Rogano, Glasgow

by

It’s as much a city landmark as the nearby Duke of Wellington statue with the traffic cone on its head – Karen Krizanovich digs into the legend of the art deco dining room Rogano, in Glasgow

Rogano, Glasgow

“You’re cut off,” says the nameless waiter. He’s nameless for a reason – I don’t want to know his name. In truth, I don’t need to know his name, because he’s already got my number – metaphorically speaking. I’ve had enough champagne and have requested he serve me no more. “He’s adept in the ‘repartee’,” my partner says. “That’s what you get in Glasgow.”

Glasgow is another country – just as Scotland is (although Edinburgh may as well be London). But Glasgow, more American than European, hankers for texture. It’s keen on sass. It tests you to see if you can take a joke. Glasgow is about participation. That’s why the “foreign” reviews are mixed for Rogano, its most legendary restaurant. Despite facelifts and refreshments, talk of ghosts and a special “celebrity” table (its table 16 – it has a mirror), Rogano demands your love and understanding. I’ll guarantee you’ll be disappointed if you don’t grasp that. A legend like this rarely needs to guard its reputation. Harry’s Bar doesn’t serve the best bellini in Venice these days, but do you care? You still want to go there. And you can bleat all you want on TripAdvisor, but it’ll still be the bellini destination long after both you and your single star-ratings have perished.

Rogano, best restaurants in Glasgow

Rogano, Glasgow

At Rogano you get waiters who, once they see you’re up for it, give as good as they get. It’s play, it’s show, it’s fun.

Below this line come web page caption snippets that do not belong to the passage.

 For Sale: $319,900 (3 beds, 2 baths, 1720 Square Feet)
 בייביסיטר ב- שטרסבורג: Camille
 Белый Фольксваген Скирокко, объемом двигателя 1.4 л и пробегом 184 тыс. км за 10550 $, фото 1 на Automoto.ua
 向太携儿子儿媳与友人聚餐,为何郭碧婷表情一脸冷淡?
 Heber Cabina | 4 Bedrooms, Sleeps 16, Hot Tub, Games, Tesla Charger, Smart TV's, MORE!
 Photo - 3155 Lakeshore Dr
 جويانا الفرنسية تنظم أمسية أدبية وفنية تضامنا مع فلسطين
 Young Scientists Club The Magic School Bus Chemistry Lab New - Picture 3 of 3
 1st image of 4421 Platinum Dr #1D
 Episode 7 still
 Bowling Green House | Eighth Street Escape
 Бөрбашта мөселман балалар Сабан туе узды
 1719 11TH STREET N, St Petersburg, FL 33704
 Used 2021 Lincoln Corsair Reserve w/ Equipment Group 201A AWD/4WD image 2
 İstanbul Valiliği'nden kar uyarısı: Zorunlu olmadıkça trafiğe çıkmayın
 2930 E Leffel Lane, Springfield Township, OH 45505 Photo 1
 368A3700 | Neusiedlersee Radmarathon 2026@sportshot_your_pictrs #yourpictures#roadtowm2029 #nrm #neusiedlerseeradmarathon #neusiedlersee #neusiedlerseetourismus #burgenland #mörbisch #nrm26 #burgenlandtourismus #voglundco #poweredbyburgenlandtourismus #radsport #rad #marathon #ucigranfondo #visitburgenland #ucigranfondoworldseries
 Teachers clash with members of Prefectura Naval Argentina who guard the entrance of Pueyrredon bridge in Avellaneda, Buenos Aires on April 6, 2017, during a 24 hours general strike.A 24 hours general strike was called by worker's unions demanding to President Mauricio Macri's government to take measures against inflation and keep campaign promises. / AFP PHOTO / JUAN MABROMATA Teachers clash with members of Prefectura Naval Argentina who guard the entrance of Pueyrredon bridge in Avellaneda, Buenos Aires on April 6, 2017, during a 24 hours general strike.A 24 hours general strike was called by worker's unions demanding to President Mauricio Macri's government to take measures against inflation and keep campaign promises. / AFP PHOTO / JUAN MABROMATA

Our waiter has a quick smile, a fast “Thank you” for every one of his moves, and a nice ass. I can’t help but notice this fact as he leans forward to pop down lobster bisque at the table to my right. After telling myself not to utter anything about his rear – and that I must not have another glass of champagne – I look longingly at the table to my left, where a plate holds nine fat oysters laid bare in a circle. I lose the power of speech.

“Excuse me,” my partner points to me. “May we have another glass of champagne here?”

“Just this once,” says the waiter, “then she’s cut off!”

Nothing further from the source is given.